#### AVAILABLE DATA

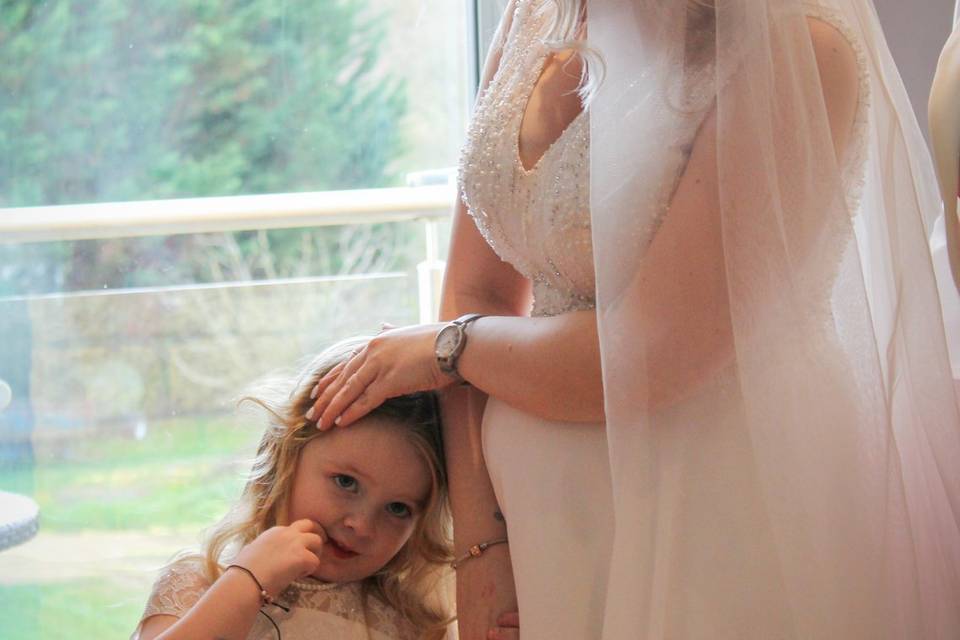 Bride & Daughter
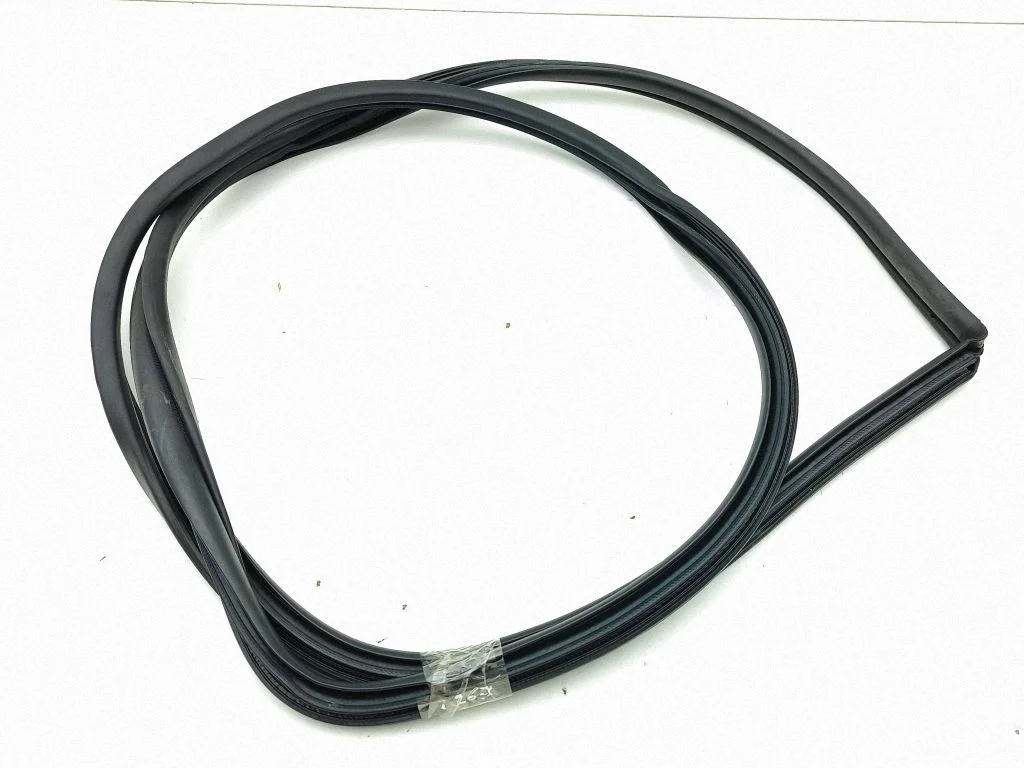 Front door rubber seal – right
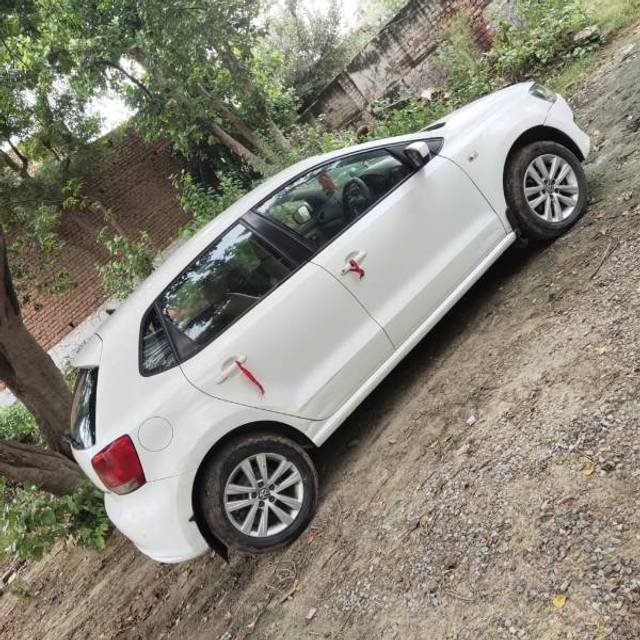 https://images10.gaadi.com/usedgaadi-sellcar/UsedCar/d552040fa/2be514ed-a1d6-4322-97db-a28cdc438dc2.jpeg?imwidth=6400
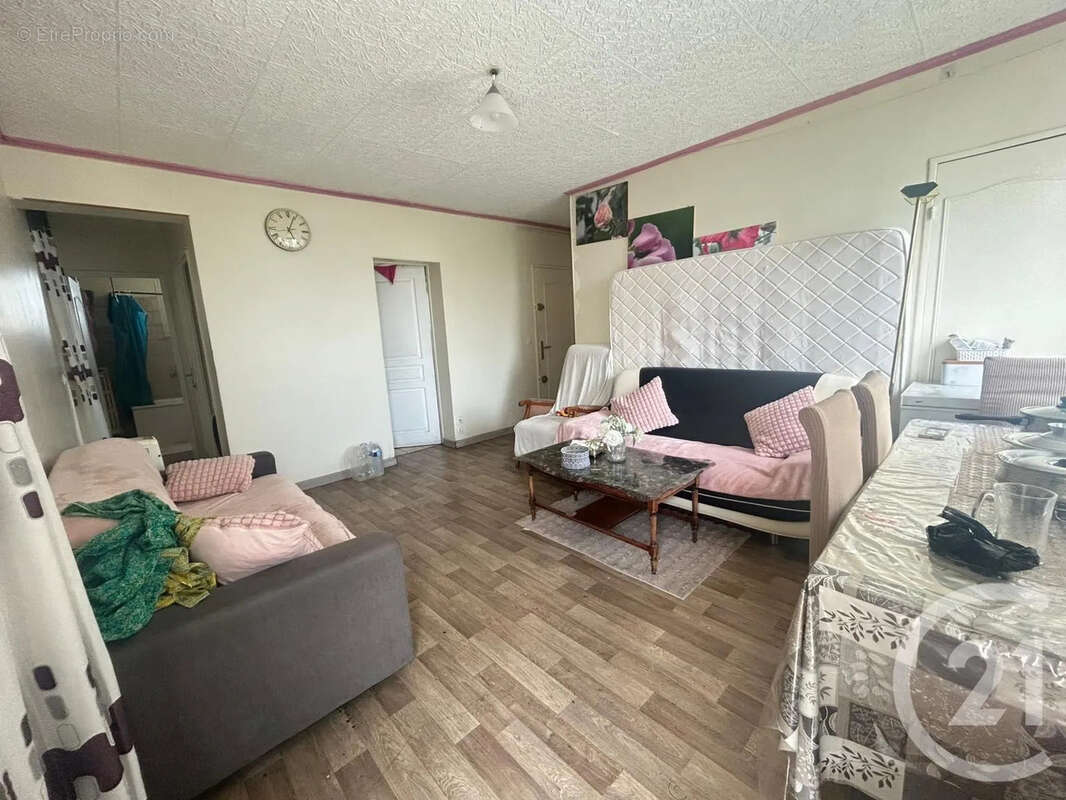 Appartement à GARGES-LES-GONESSE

########

▶ _HOW TO COMPLETE THIS TASK_
Could the data above be returned in full, exactly, with every image left out?

▶ _TASK OUTPUT_
 Bride & Daughter
 Front door rubber seal – right
 https://images10.gaadi.com/usedgaadi-sellcar/UsedCar/d552040fa/2be514ed-a1d6-4322-97db-a28cdc438dc2.jpeg?imwidth=6400
 Appartement à GARGES-LES-GONESSE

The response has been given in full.